Could you copy exactly the lines from the one containing "Vit Begagnad 2018" through the last line of the records below, leaving out any pictures?
── Dataset entries
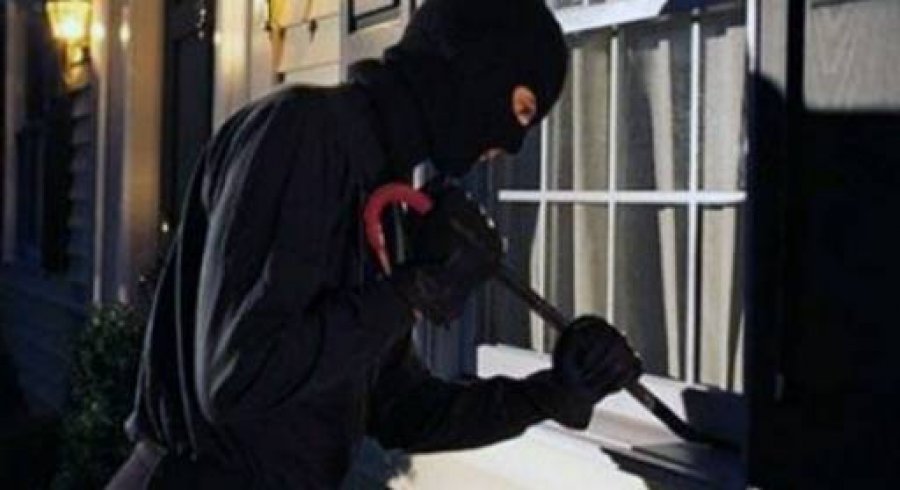 Hyjnë gjatë ditës dhe dhunojnë shtëpinë e 67-vjeçarit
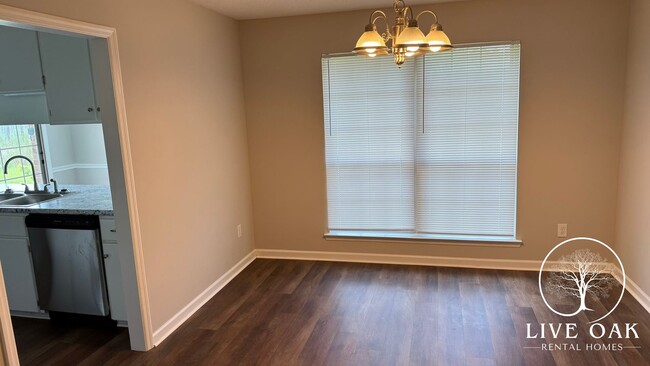 Building Photo - MOVE-IN SPECIAL: $500 OFF 1st MONTH'S RENT!**
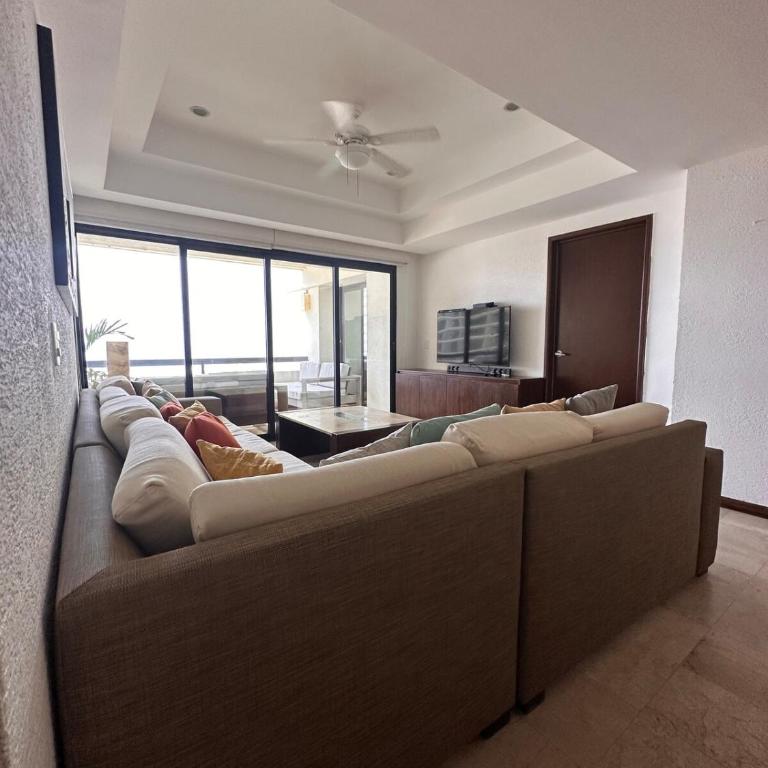 Oceanfront in Punta Diamante with a pool - Apartment mit 3 Schlafzimmern - 48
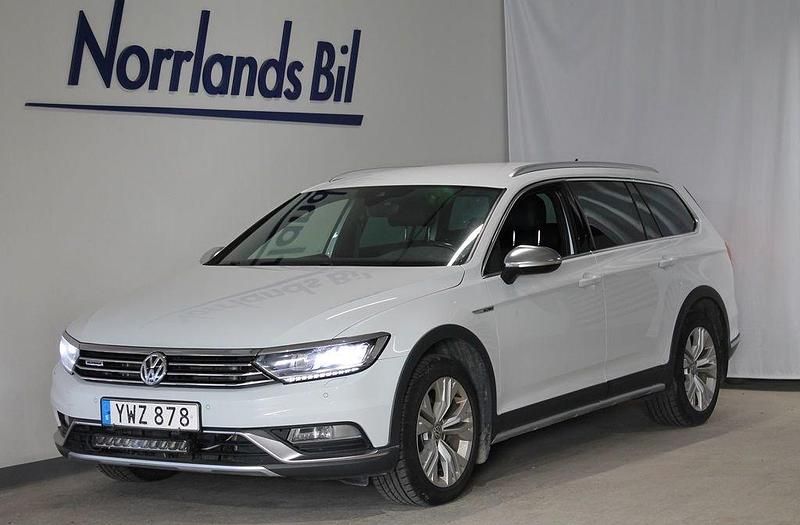 Vit Begagnad 2018 VW Passat Alltrack Kombi | 219 900 kr (Marknadspris) - Bild 1/4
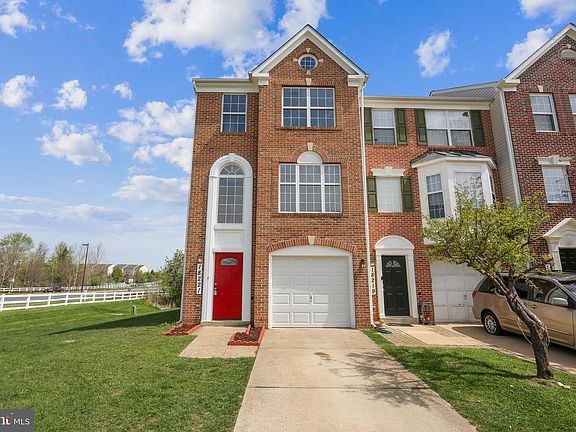 4th image of 18221 Gravinia Cir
────
_Answer space_.
 Vit Begagnad 2018 VW Passat Alltrack Kombi | 219 900 kr (Marknadspris) - Bild 1/4
 4th image of 18221 Gravinia Cir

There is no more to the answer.